Abstract:
Terkait dengan pembahasan seputar penetapan tersangka oleh Penyidik
KPK terhadap Kabasarnas RI, seorang perwira tinggi TNI dijadikan tersangka
tindak pidana korupsi. Hal ini membawa kita pada topik kewenangan. Pertanyaan
mengenai siapa yang berwenang mengadili prajurit TNI aktif yang melakukan
tindak pidana korupsi muncul ketika prajurit tersebut berhadapan dengan
peradilan militer. Menurut Pasal 42 Undang-undang KPK, KPK dapat melakukan
supervisi dan mengelola penyidikan, penuntutan, dan koordinasi terhadap tindak
pidana korupsi yang dilakukan oleh orang yang tunduk pada sistem hukum militer
dan sipil. Sementara itu, KPK juga diberi wewenang untuk menangani tindak
pidana korupsi yang dilakukan oleh TNI.
Penelitian ini dikategorikan sebagai penelitian yuridis normatif. Penelitian
yuridis normatif didasarkan pada peraturan perundang-undangan yang berlaku
saat ini. Penelitian ini menggunakan tiga pendekatan yang berbeda: perundang undangan (statute approach), pendekatan kasus (case approach), dan pendekatan
konseptual (conceptual approach).
Oleh karena itu, peraturan peradilan militer hanya berlaku bagi prajurit
TNI yang masih aktif dalam hal melakukan korupsi ketika bertugas di TNI.
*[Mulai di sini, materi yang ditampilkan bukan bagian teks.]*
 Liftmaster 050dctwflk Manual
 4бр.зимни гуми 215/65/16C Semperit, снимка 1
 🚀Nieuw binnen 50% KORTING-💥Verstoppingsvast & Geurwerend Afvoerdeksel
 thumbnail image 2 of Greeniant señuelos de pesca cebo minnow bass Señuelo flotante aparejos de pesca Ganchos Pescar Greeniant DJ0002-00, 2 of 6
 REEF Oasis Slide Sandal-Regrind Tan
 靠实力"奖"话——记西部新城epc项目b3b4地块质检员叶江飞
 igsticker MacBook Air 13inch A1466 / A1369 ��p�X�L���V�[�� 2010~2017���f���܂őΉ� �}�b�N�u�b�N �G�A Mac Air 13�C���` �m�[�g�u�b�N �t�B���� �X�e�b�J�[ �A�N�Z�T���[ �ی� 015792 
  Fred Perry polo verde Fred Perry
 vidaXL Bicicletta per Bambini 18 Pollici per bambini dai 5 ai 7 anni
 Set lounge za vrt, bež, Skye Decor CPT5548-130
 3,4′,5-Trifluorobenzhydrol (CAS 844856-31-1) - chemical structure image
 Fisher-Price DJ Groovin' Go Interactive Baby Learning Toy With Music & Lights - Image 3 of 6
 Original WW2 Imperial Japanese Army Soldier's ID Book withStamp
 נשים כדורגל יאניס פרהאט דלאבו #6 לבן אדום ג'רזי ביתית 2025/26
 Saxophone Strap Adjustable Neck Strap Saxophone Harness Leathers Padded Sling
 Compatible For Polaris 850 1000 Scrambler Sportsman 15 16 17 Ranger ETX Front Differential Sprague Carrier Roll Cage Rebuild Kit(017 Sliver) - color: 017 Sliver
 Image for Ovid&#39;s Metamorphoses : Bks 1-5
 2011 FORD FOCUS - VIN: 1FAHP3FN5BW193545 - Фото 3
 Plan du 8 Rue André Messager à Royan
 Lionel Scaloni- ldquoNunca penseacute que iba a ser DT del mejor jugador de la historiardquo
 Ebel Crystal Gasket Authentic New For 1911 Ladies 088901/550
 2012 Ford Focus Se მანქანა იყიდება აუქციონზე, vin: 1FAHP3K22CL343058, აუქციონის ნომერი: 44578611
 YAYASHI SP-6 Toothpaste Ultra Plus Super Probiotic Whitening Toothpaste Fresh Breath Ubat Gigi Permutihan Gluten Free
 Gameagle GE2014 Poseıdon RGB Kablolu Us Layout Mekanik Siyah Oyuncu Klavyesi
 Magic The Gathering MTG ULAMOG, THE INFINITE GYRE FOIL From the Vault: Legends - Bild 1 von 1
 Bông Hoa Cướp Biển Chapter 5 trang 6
Namun, apabila anggota TNI melakukan korupsi saat menjabat sebagai pejabat
sipil, maka Komisi Pemberantasan Korupsi berwenang untuk melakukan tugasnya
dalam hal pemberantasan korupsi berdasarkan ketentuan pasal 42, Undang Undang Nomor 30 Tahun 2002 tentang Komisi Pemberantasan Tindak Pidana
Korupsi, undang-undang nomor 19 tahun 2019 tentang perubahan kedua atas
Undang-Undang Nomor 30 Tahun 2002 tentang Komisi Pemberantasan Tindak
Pidana Korupsi, pasal 1 angka (4), dan pasal 6. KPK masih dapat melakukan
penyidikan karena perkara seperti ini dapat diajukan ke pengadilan koneksitas.
KPK berwenang untuk mengontrol dan mengawasi peninjauan, penyelidikan, dan
penuntutan tindak pidana korupsi yang dilakukan secara kolektif oleh individu
yang berada di bawah otoritas sipil dan militer.